Les rentrées d'argent à ne pas dépasser
BNP Paribas / Hello BankFlux créditeurs mensuels inférieurs à 1900 €
BoursoramaFlux créditeurs mensuels inférieurs à 1500 €
BPCE (Banque Populaire, Caisse d'épargne)Flux créditeurs mensuels inférieurs au SMIC net (1219 € au 1er janvier 2020)
Crédit Agricole / BforBankFlux créditeurs mensuels inférieurs à 10 fois le montant des frais d'incident (ex. 2000 € si 200 € de frais)
Crédit Mutuel (Alliance Fédérale) / CICRessources inférieures à 2,5 fois le RSA (1497 € au 1er avril 2020)
Crédit Mutuel de Bretagne (Arkéa)Revenus inférieurs à 1500 € par mois et épargne inférieure à 3 000 €
FortuneoFlux créditeurs mensuels inférieurs à 1000 €
INGPas de seuil de revenus
La Banque PostalePas de seuil de revenus
LCLSolde moyen sur un an inférieur à 1500 €
MonabanqNon communiqué
Société GénéraleFlux créditeurs mensuels inférieurs à 1500 €

Deux « bons élèves » se distinguent en la matière : La Banque Postale et ING, qui ne prennent pas en compte ce critère. Les autres enseignes observées le retiennent toutes, à des degrés divers. BNP Paribas est la plus « généreuse », puisqu’on peut bénéficier du statut de client fragile jusqu’à 1 900 euros de flux créditeurs mensuels. A l’inverse, Fortuneo est celle qui sert le plus franchement la vis, avec un seuil placé à « 1 000 euros pour les foyers composés d'une seule personne majeure capable ». La filiale d’Arkéa, toutefois, annonce que « des travaux de révision [de ses critères] sont en cours et devraient aboutir très prochainement. »
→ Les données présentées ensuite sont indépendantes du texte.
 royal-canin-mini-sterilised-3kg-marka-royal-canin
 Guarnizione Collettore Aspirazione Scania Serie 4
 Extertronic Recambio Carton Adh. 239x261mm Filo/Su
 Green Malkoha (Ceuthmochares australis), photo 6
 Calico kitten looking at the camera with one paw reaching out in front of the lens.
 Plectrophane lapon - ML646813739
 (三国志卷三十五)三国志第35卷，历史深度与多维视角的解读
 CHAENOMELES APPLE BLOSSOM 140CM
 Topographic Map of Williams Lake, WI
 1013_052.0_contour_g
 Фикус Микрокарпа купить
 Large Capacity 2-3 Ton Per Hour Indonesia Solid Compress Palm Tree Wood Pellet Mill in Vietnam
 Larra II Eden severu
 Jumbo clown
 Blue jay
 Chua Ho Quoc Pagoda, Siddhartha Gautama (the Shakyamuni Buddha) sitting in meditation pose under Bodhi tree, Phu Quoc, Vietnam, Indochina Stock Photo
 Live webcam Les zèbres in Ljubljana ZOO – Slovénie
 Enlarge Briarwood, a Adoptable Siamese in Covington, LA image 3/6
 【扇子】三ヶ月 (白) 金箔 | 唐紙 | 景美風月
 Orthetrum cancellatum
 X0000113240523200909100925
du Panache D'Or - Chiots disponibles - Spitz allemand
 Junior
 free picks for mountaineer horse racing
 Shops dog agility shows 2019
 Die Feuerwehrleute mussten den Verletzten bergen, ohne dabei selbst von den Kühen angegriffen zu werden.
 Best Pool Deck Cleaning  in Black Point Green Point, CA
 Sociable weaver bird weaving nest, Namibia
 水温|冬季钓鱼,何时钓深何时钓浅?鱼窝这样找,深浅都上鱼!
La plupart des autres banques situent le curseur de la fragilité financière autour de 1 500 euros par mois. Au-dessus du SMIC mensuel net donc (environ 1 200 euros), mais bien en-dessous du salaire moyen : 2 238 euros par mois en 2019. Pourtant, disposer de revenus confortables n’empêche pas de connaître des difficultés financières : selon des données de la Banque de France, plus de 11% des ménages surendettées disposaient en 2018 de revenus supérieurs à 2 500 euros par mois.